18 February 2014

How easy is it to research the Chinese web?

han-teng_liao By 2015, the proportion of Chinese language Internet users is expected to exceed the proportion of English language users. But how easy is it for researchers to find or request content and traffic data from the major Chinese websites for research? Han-Teng Liao discusses the issues of government control and intervention, public opinion monitoring, language and data tools (and the challenges of processing Chinese language texts), narratives and propaganda, and how to identify geographic information from Chinese Web data. With some robots thrown in too...
Chinese Internet Cafe

Access to data from the Chinese Web, like other Web data, depends on platform policies, the level of data openness, and the availability of data intermediary and tools. Image of a Chinese Internet cafe by Hal Dick.

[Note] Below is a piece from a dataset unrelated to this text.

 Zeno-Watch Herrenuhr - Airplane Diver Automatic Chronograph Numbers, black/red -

Ed: How easy is it to request or scrape data from the “Chinese Web”? And how much of it is under some form of government control?

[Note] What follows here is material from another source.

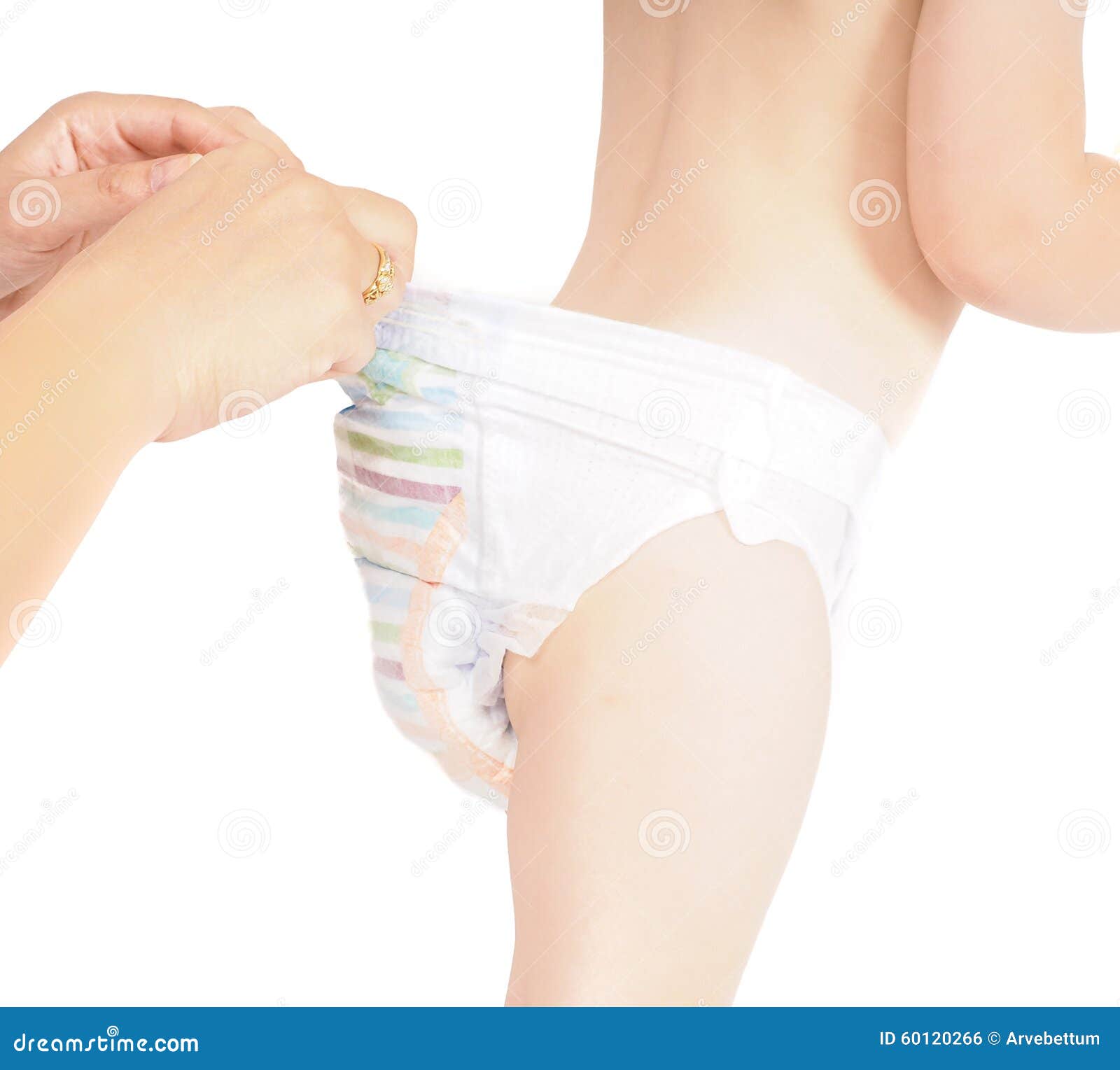 Mother Checking Pull Up Diaper Pants on Toddler Stock Photo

Han-Teng: Access to data from the Chinese Web, like other Web data, depends on the policies of platforms, the level of data openness, and the availability of data intermediary and tools. All these factors have direct impacts on the quality and usability of data. Since there are many forms of government control and intentions, increasingly not just the websites inside mainland China under Chinese jurisdiction, but also the Chinese “soft power” institutions and individuals telling the “Chinese story” or “Chinese dream” (as opposed to “American dreams”), it requires case-by-case research to determine the extent and level of government control and interventions. Based on my own research on Chinese user-generated encyclopaedias and Chinese-language twitter and Weibo, the research expectations seem to be that control and intervention by Beijing will be most likely on political and cultural topics, not likely on economic or entertainment ones.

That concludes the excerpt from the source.